Comentando as recentes conversas em Riyadh, que focaram na reconstrução da confiança entre Moscou e Washington e excluiram líderes ucranianos e da UE, Putin destacou que, para resolver problemas complexos — incluindo a crise ucraniana —, é necessário dar o primeiro passo na construção da confiança. Segundo ele, “isso é precisamente o que estávamos fazendo em Riyadh, e esse será o foco de nossos contatos futuros”. Ele questionou: “Mas o que os europeus têm a ver com isso?”, ressaltando que, embora a Rússia respeite a participação dos europeus, ela não aceita que eles determinem os rumos das negociações.

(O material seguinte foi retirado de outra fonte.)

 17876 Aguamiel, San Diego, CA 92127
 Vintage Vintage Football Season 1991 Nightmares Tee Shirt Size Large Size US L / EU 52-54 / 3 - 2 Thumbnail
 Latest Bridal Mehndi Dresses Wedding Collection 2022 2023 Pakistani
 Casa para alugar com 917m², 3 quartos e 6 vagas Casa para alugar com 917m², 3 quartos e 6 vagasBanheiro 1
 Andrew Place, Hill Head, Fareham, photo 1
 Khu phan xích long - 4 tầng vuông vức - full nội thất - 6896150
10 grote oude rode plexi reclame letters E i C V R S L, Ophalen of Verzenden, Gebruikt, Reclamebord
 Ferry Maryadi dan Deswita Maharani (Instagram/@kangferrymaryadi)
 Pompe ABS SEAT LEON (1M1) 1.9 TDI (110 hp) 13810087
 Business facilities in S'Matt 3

Putin também enfatizou a importância dos parceiros do BRICS, elogiando o grupo de defensores da paz formado por esses países. Em conversa com o presidente chinês Xi Jinping, ele informou que esse grupo se reunirá em breve em Nova York para discutir o assunto. “Estamos gratos a todos os nossos parceiros que se empenham em alcançar a paz. Não apenas os europeus, mas outros países também têm o direito de participar, e nós respeitamos isso”, concluiu.

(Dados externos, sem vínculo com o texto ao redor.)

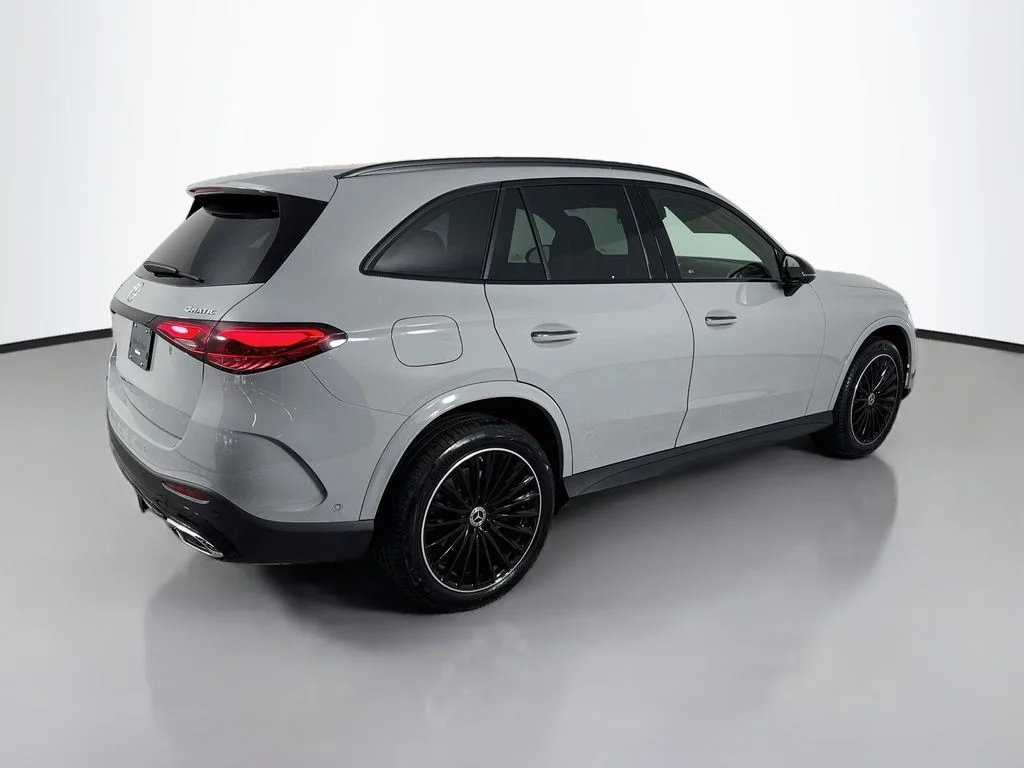 New 2027  Mercedes-Benz GLC 300 image 9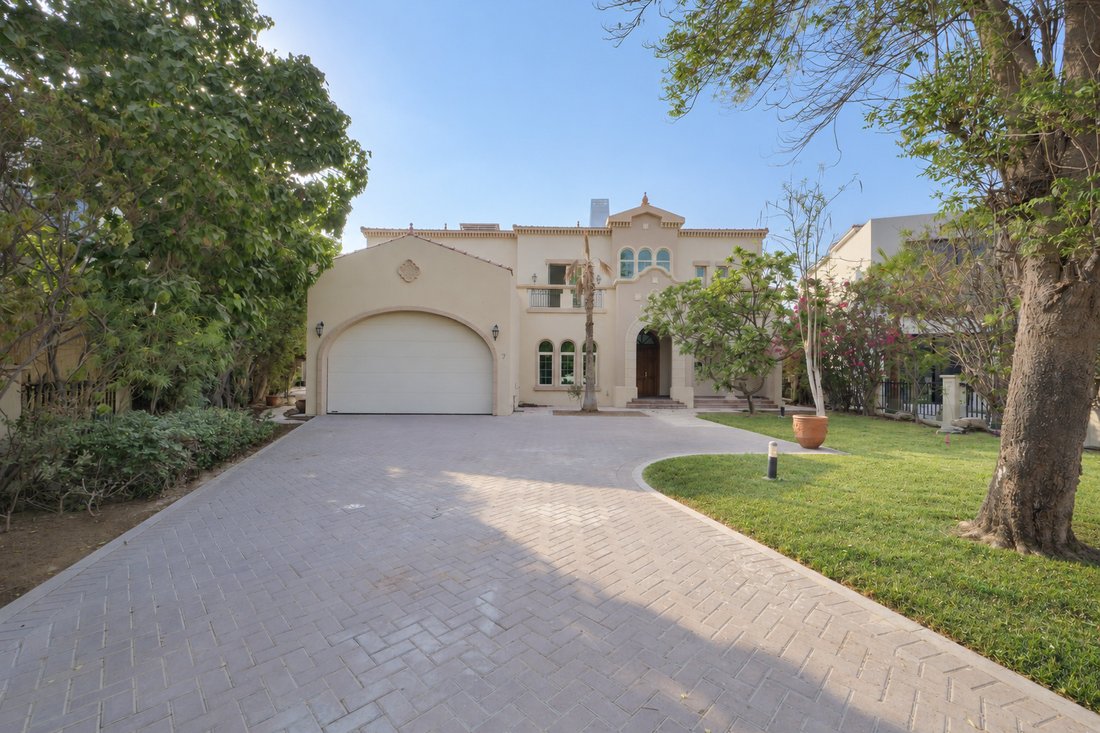 Villa in Al Wasl, Dubai, United Arab Emirates 2 - 19149534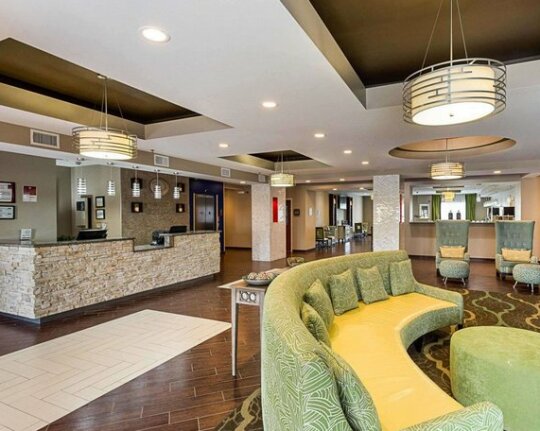 Comfort Suites Gonzales - Photo2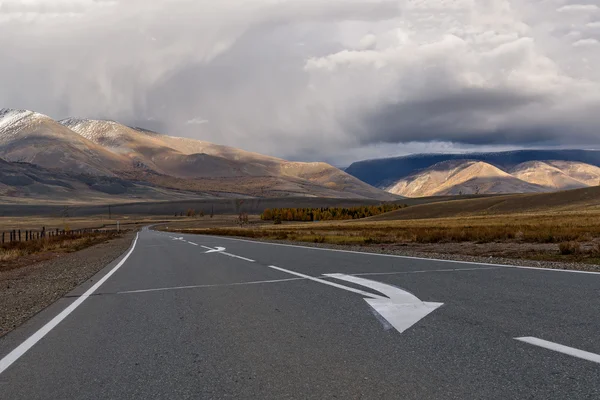 Road mountains asphalt clouds storm — Stock Photo, Image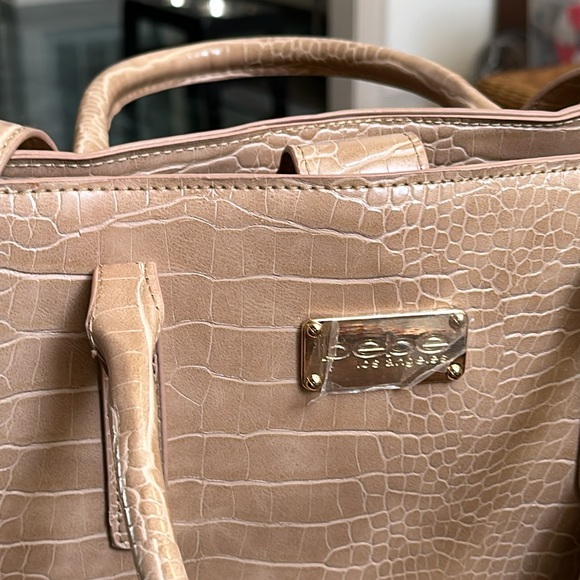 Bebe purse - faux crocodile - gold hardware - satchel or crossbody handbag - Picture 5 of 14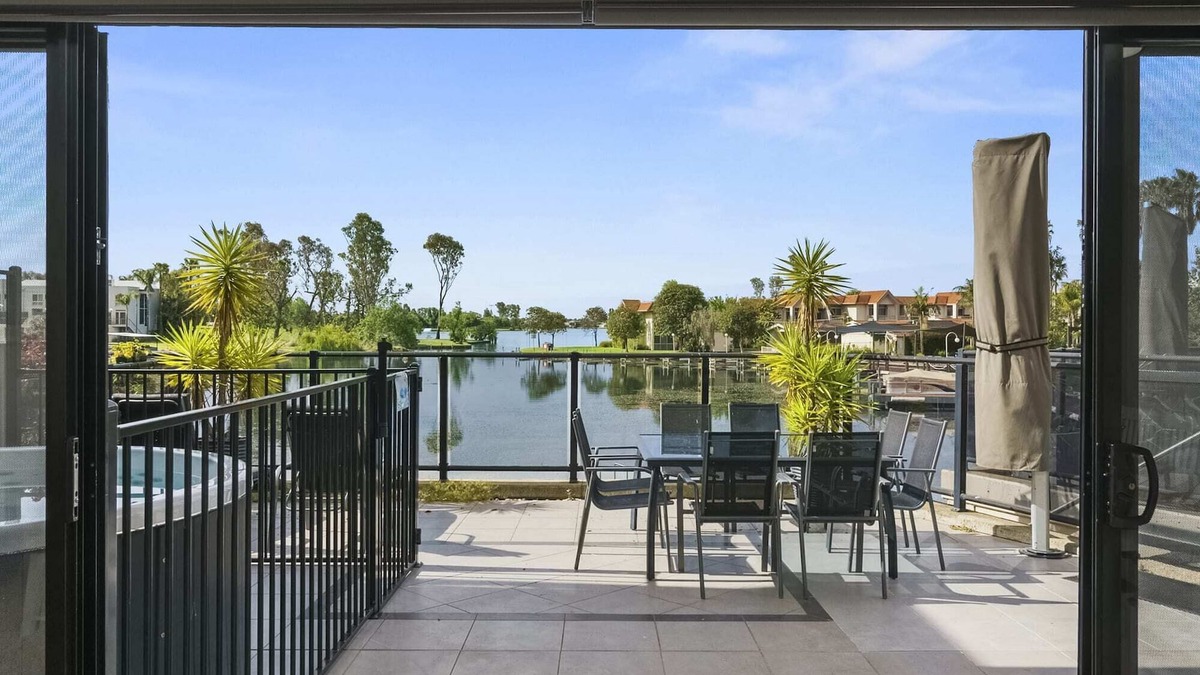 Mulwala House | Cypress Townhouse 17 - Marwala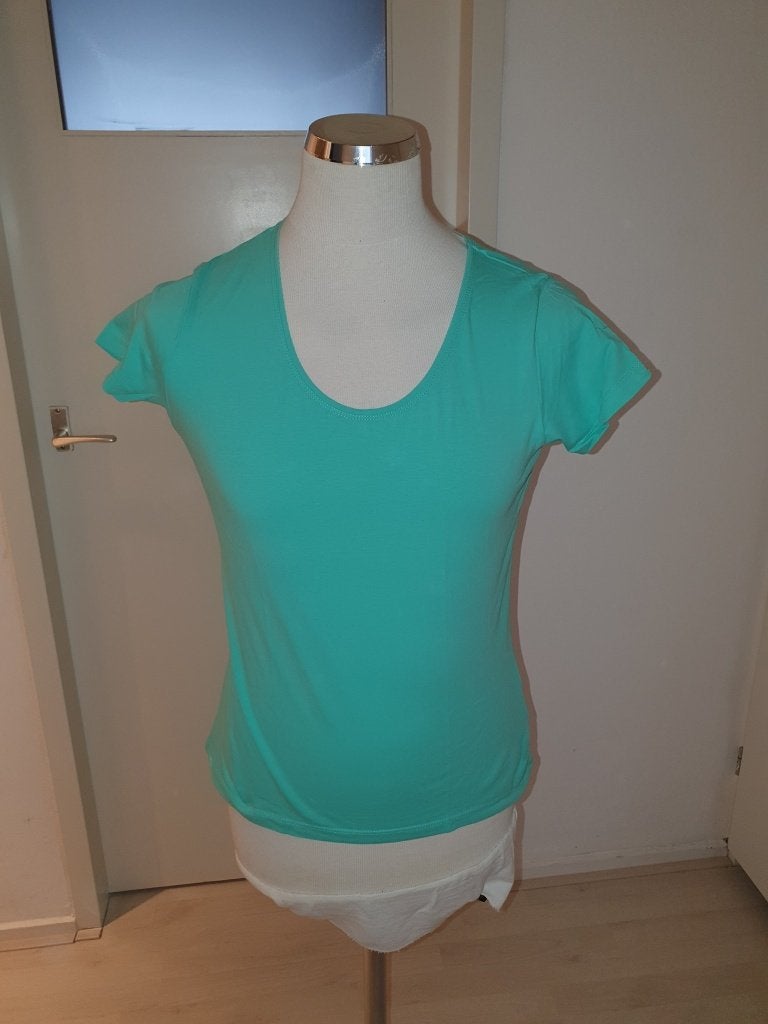 Turquoise T-shirt met korte mouwen maat L, Maat 42/44 (L), Ophalen of Verzenden, Zo goed als nieuw, Korte mouw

O Departamento de Estado dos EUA elogiou as negociações, considerando-as um passo significativo para resolver a crise na Ucrânia. O ministro das Relações Exteriores russo, Sergey Lavrov, destacou que a reunião em Riyadh foi iniciada pelos presidentes russo e americano, os quais também concordaram em preparar uma cúpula para aprofundar as discussões.
Por fim, Putin reiterou que, apesar de já ter manifestado interesse em encontros bilaterais — como com o ex-presidente Donald Trump —, um simples “momento de café” não bastará para reparar as relações. Ele enfatizou a necessidade de preparação minuciosa de ambos os lados e afirmou que “não precisamos de mediadores” para resolver as nossas diferenças.